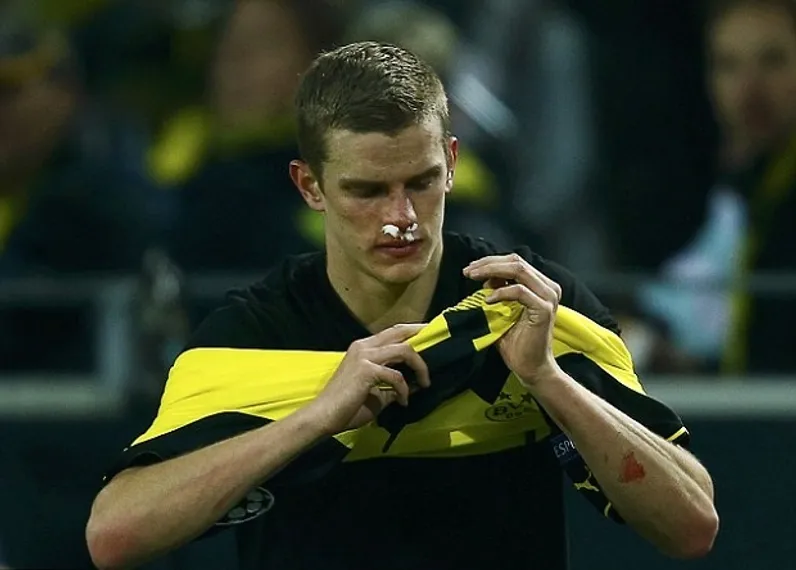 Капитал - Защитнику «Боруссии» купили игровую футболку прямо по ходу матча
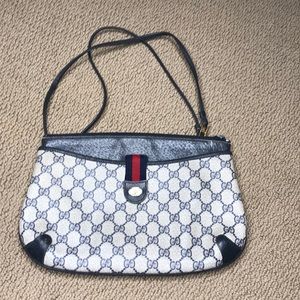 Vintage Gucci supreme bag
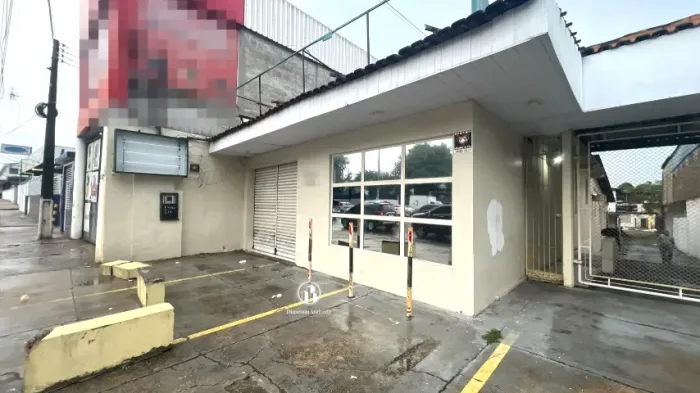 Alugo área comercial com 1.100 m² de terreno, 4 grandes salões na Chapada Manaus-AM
==
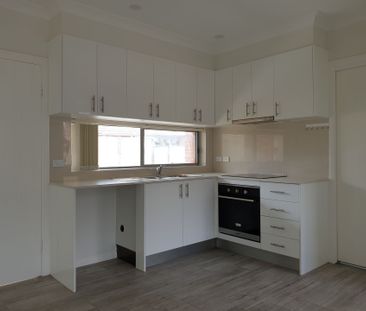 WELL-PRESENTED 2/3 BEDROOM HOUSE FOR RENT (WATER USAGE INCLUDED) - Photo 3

### [REQUIRED ACTION]
Would you restate, exactly and with no pictures, the lines of the entries above from the one containing "Vintage Gucci supreme bag" through the one containing "Alugo área comercial"?

### [RESPONSE]
 Vintage Gucci supreme bag
 Alugo área comercial com 1.100 m² de terreno, 4 grandes salões na Chapada Manaus-AM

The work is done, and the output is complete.